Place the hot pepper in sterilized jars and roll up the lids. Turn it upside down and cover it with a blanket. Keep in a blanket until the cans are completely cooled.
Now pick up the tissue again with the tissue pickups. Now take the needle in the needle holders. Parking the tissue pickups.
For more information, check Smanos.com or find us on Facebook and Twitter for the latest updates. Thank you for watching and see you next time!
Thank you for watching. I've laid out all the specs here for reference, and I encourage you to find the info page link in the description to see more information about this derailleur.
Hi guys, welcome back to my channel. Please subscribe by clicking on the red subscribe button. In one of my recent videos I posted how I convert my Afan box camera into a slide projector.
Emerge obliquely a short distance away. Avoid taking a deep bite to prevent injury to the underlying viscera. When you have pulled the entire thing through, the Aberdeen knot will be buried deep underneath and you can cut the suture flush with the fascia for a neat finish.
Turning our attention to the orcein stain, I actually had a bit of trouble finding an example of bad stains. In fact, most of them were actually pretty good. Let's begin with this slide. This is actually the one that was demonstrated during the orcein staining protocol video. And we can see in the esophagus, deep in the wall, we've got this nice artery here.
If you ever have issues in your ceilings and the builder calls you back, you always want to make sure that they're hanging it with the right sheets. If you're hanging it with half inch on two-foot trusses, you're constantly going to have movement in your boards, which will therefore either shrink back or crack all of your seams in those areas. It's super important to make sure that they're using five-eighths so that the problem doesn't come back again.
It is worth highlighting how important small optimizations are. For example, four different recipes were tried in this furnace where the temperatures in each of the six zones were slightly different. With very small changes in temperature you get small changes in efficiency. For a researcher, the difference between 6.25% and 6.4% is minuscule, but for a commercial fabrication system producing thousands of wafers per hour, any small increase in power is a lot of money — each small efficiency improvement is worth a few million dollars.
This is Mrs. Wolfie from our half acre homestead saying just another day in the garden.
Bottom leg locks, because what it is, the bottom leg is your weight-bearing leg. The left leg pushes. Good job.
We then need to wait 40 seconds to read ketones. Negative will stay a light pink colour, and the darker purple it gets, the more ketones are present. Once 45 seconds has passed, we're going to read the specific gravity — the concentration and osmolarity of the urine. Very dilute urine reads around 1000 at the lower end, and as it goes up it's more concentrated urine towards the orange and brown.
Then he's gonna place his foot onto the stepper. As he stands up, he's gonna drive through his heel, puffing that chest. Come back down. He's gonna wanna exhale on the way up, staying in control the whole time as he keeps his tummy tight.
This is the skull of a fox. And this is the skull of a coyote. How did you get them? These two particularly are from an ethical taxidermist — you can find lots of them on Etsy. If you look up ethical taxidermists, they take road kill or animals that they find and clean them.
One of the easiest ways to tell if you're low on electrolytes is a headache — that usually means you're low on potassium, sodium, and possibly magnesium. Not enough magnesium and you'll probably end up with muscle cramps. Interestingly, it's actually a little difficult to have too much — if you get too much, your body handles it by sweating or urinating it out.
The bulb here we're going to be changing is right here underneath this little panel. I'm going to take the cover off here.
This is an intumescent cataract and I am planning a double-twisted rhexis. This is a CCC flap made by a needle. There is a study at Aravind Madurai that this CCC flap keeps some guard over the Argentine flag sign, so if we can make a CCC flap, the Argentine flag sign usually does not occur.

WORK TO COMPLETE:
Please copy every line of the material that contains the word "Thank".

WRITTEN SOLUTION:
For more information, check Smanos.com or find us on Facebook and Twitter for the latest updates. Thank you for watching and see you next time!
Thank you for watching. I've laid out all the specs here for reference, and I encourage you to find the info page link in the description to see more information about this derailleur.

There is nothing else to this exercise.